Well, its been a while since the last time a saw something that amazing/impressive.
The images following are from the work of Michael Hansmeyer-(Michael Hansmeyer is an architect and programmer who explores the use of algorithms and computation to generate architectural form. He is currently based in the CAAD group at ETH’s architecture department in Zurich. He holds an MBA degree from Insead Fontainebleau as well as a Master of Architecture degree from Columbia University. He previously worked with McKinsey & Company, J.P. Morgan, and at Herzog & de Meuron architects.)
A small text description about his approach//
What method, what system, does an architect use to design a building? How are programmatic needs and context – with their degrees of freedom and constraints – translated into architectural design?
Regardless of their complexity, the tasks and decisions involved can be formalized as an algorithm. As such, algorithms provide a framework for articulating and defining both input data and procedures. This formalization can promote structure and coherency, while systemically maintaining full traceability of all input.
In recent years, algorithms in architecture have been able to transcend their role as frameworks of formalization and abstraction. This has been made possible in a large part by the integration of scripting languages into CAD programs. Algorithms’ output can now be directly visualized, and through digital fabrication methods this output can be built.
This opens up a new role for algorithms as a design tool. As such, they provide the benefits of depth and breadth. On the one hand, their computational power can address processes with a scale and complexity that precludes a manual approach. On the other hand, algorithms can generate endless permutations of a scheme. A slight tweaking of either the input or the process leads to an instant adaptation of output.
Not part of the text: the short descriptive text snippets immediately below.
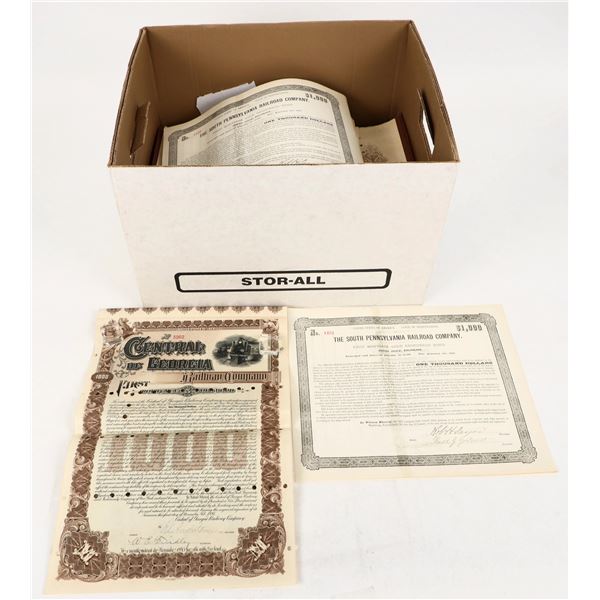 Georgia Central and South Penn Railroad Gold Bonds [201996]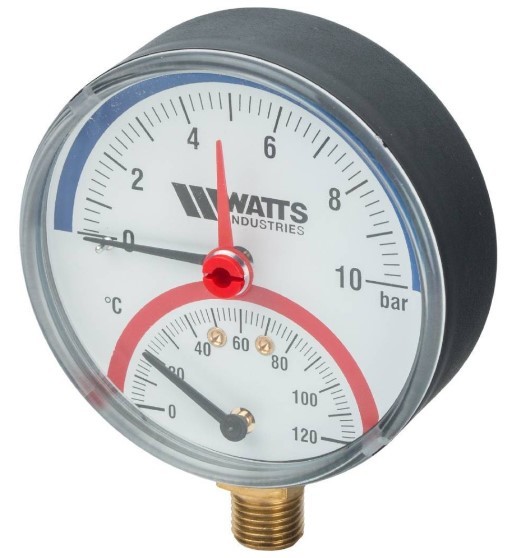 Термоманометр радиальный Watts лепестковый радиальный диск для дрели fit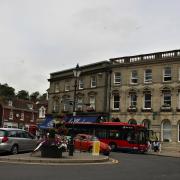 Wimborne Market Square.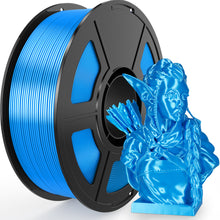 Load image into Gallery viewer, Amoybaby Sky Blue Silk PLA Filament 1.75mm, Shiny Silk PLA 3D Printer Filament High Speed & Clog-Free, Dimensional Accuracy +/- 0.03mm, 1kg(2.2lb), Fits for Most FDM 3D Printers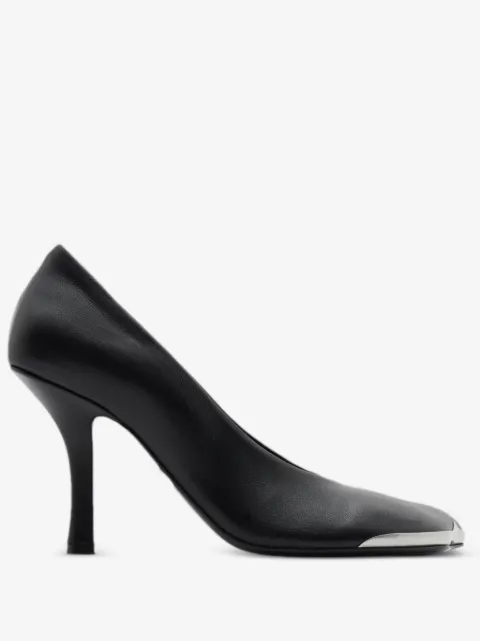Burberry Duck 90mm leather pumps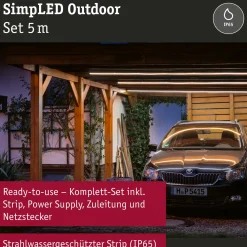 Paulmann Outdoor ledstrip SimpLED 5m wit 20W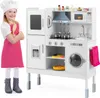 Drewniana kuchnia dla dzieci COSTWAY, kuchnia do zabawy z Podgląd zdjęcia produktu 1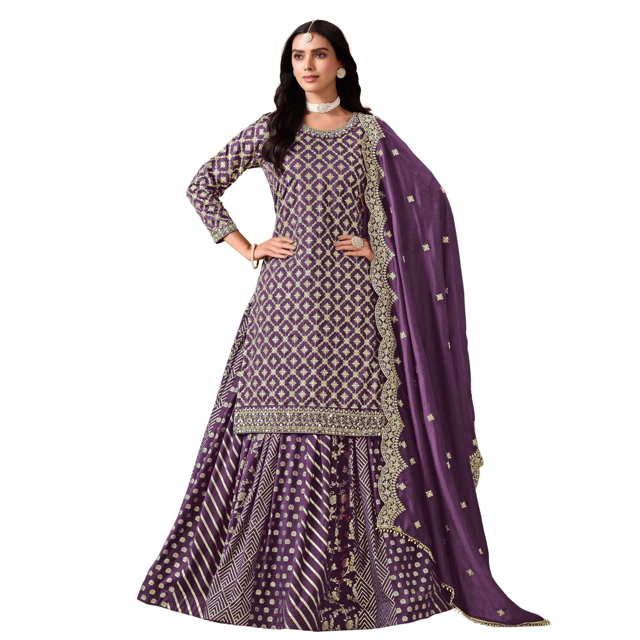 Custom Made Indian Bollywood Anarkali Kurta Set Beautiful Designer Kurti Pant Dupatta Set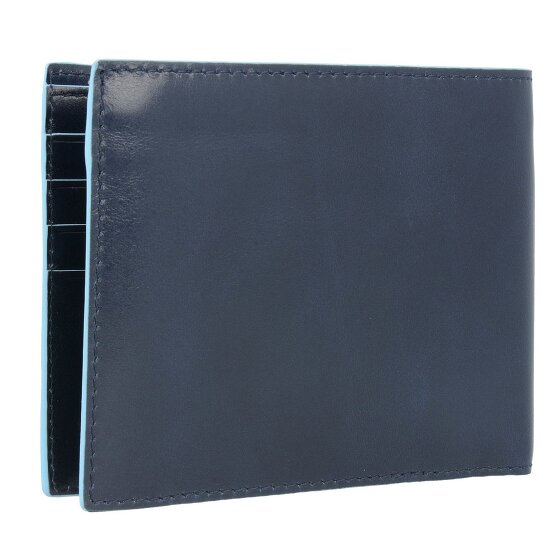 Piquadro Blauwe vierkante Leren Portemonnee 12,5 cm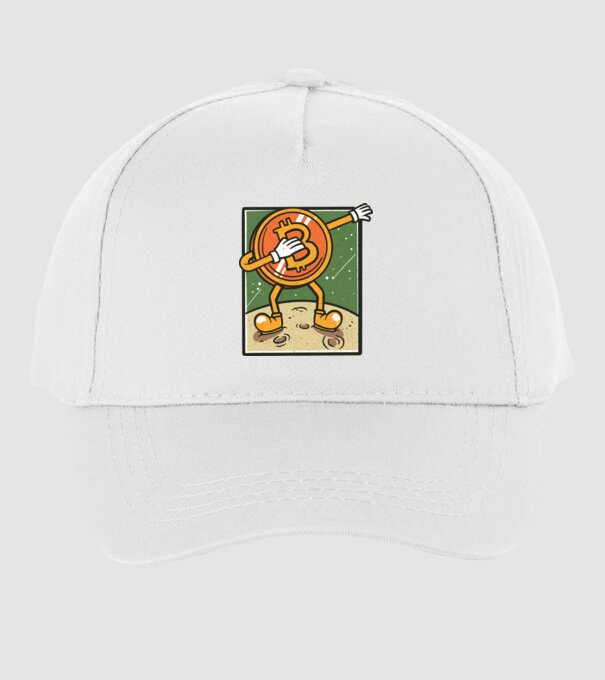 Bitcoin DAB model alb pe tricou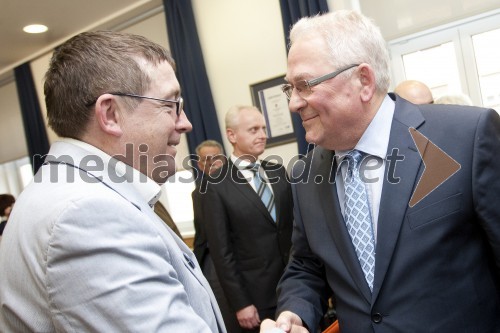 Dr. Andrej Fištravec, župan MOM; Valter Drozg, mestni svetnik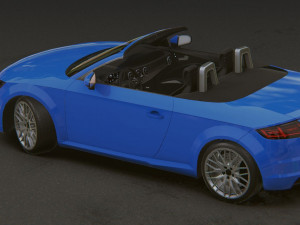 Realistic Mobile Car 14 3D मॉडल
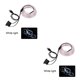 thumbnail image 1 of Riwesomey Iluminación interior del coche Tira de LED Decoración Guirnalda Línea de tubo de cuerda de alambre Luz de neón flexible con unidad de luz blanca 2piezas Riwesomey CBP062954, 1 of 6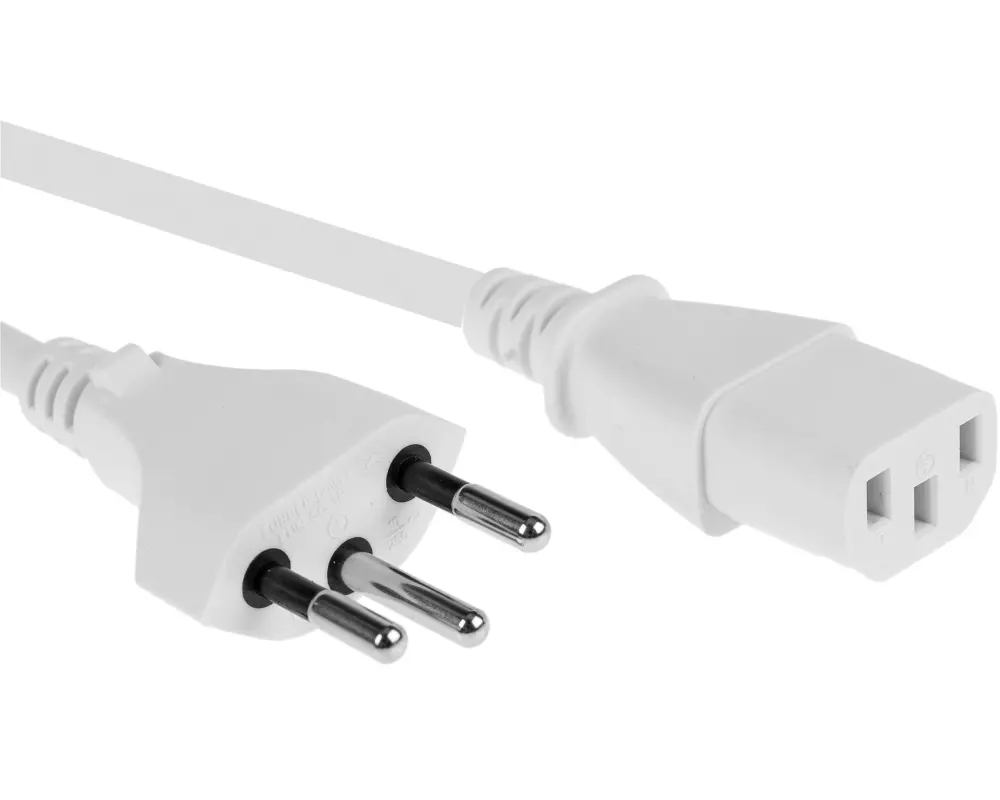 FURBER.power Netzkabel C13-T12 1.0 m Weiss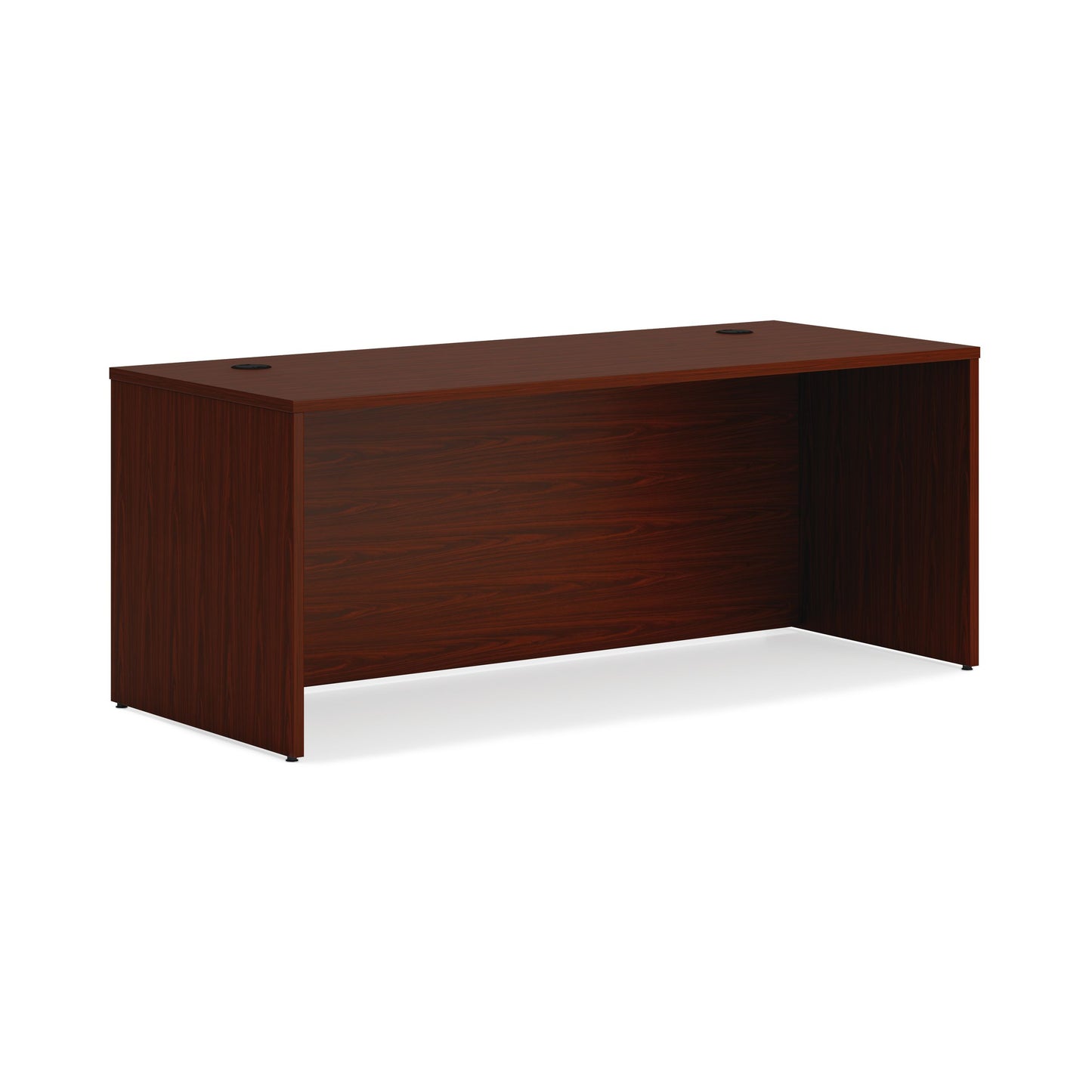 HON Mod Desk Shell | 72"W | Traditional Mahogany Finish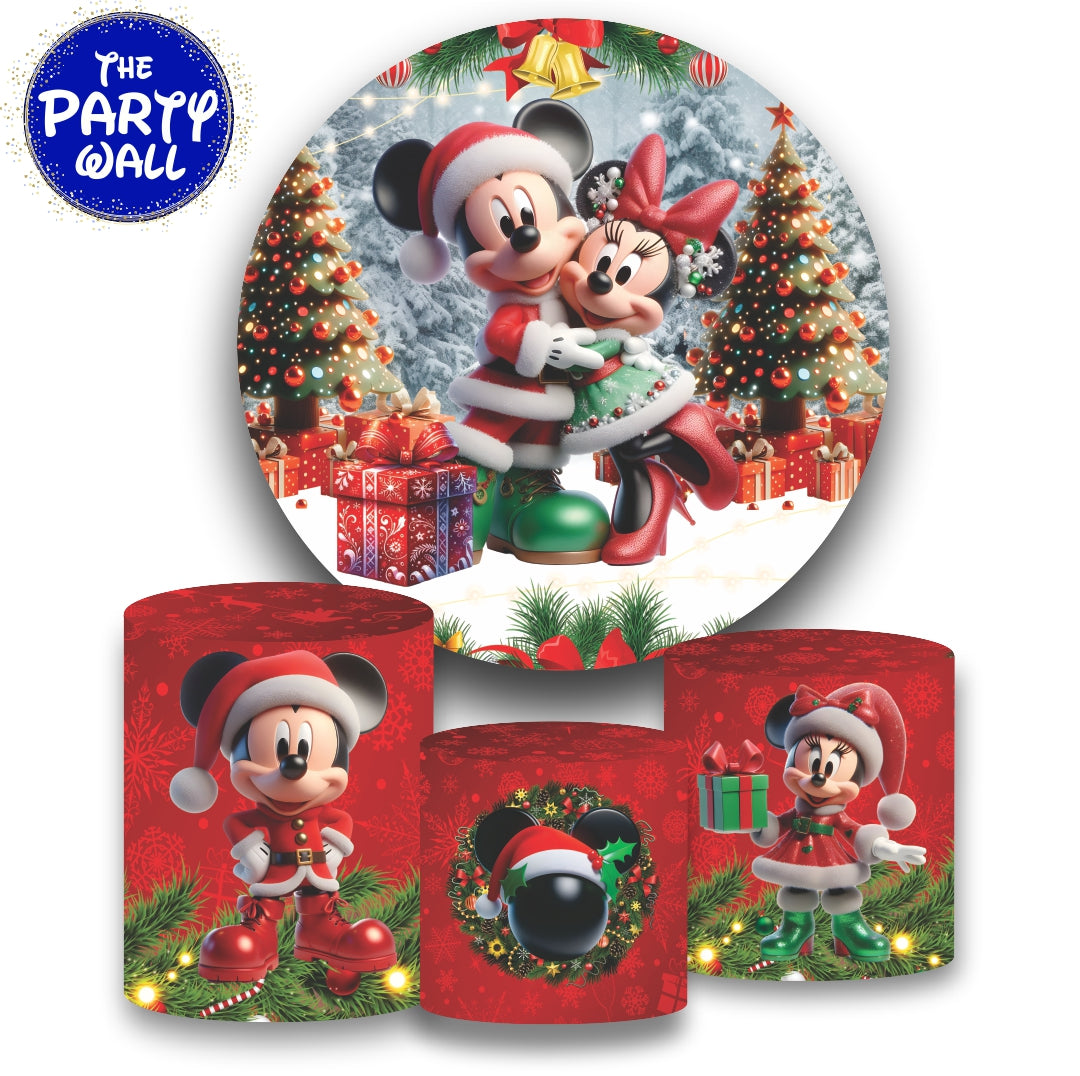 Mickey Mouse Navidad - Fundas para set sencillo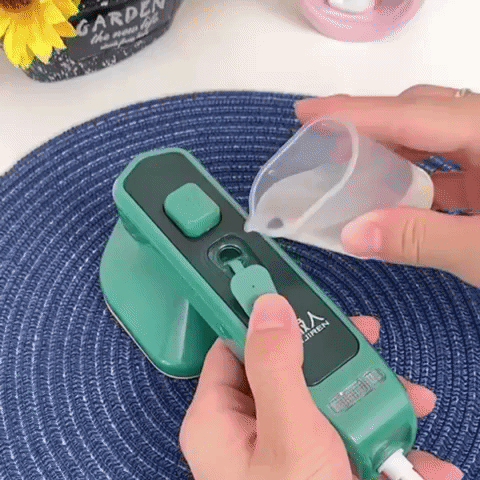 ¡Mini plancha de vapor portátil!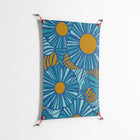 Bellis Bounty Blue - Work On Wall - Amy Suther - Orange - 70 x 100 cm
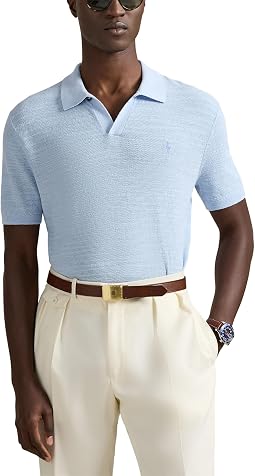 Джемпер из текстурированного хлопка-льна Polo Ralph Lauren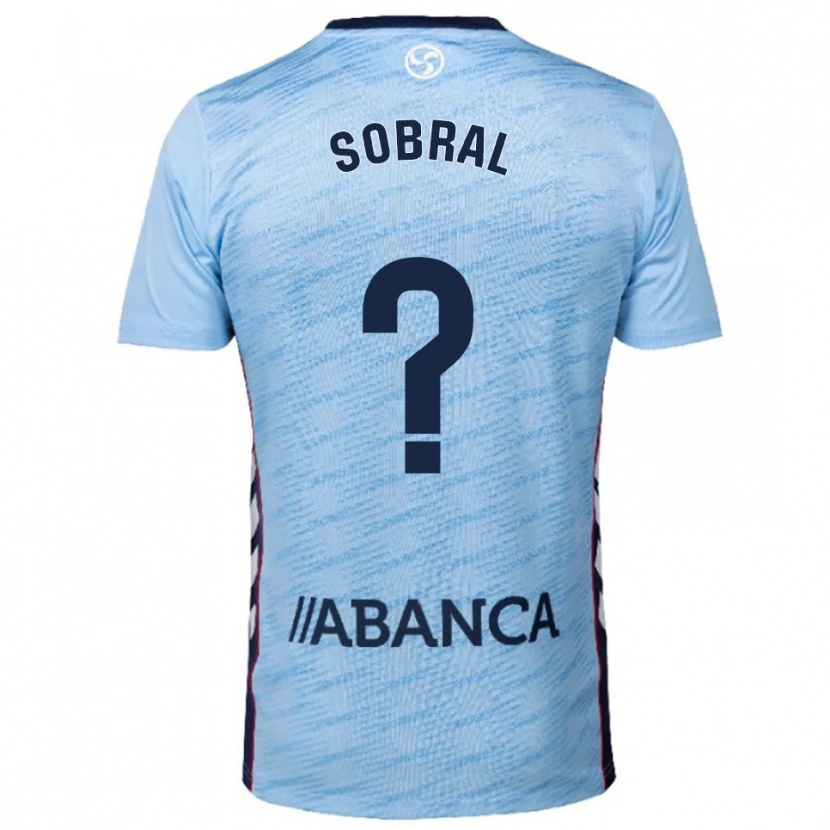 Danxen Kid Mateo Sobral #0 Sky Blue Red Home Jersey 2025/26 T-Shirt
When combined with an evaluative function, they can be used to recursively optimize output on both a functional and aesthetic level.
Yet beyond this, a computational approach to architecture enables the generation of the previously unseen. Forms that can longer be conceived of through traditional methods become possible. New realms open up.
The projects presented seek to explore algorithms and computation as a generative design tool, and to merge these with existing design processes to produce a new architectural form.
A full-scale, 2.7-meter high variant of the columns is fabricated as a layered model using 1mm sheet. Each sheet is individually cut using a mill or laser. Sheets are stacked and held together by poles that run through a common core.
The calculation of the cutting path for each sheet takes place in several steps. First, the six million faces of the 3D model are intersected with a plane representing the sheet. This step generates a series of individual line segments that are tested for self-intersection and subsequently combined to form polygons. Next, a polygon-in-polygon test deletes interior polygons. A series of filters then ensures that convex polygons with peninsulas maintain a mininimum isthmus width. In a final step, an interior offset is calculated with the aim of hollowing out the slice to reduce weight.
While the mean diameter of the column is 50cm, the circumference as measured by the cutting path can reach up to 8 meters due to jaggedness and frequent reversals of curvature. The initial prototype uses 1mm grey board. Tests using ABS, wood, as well as metal are under way.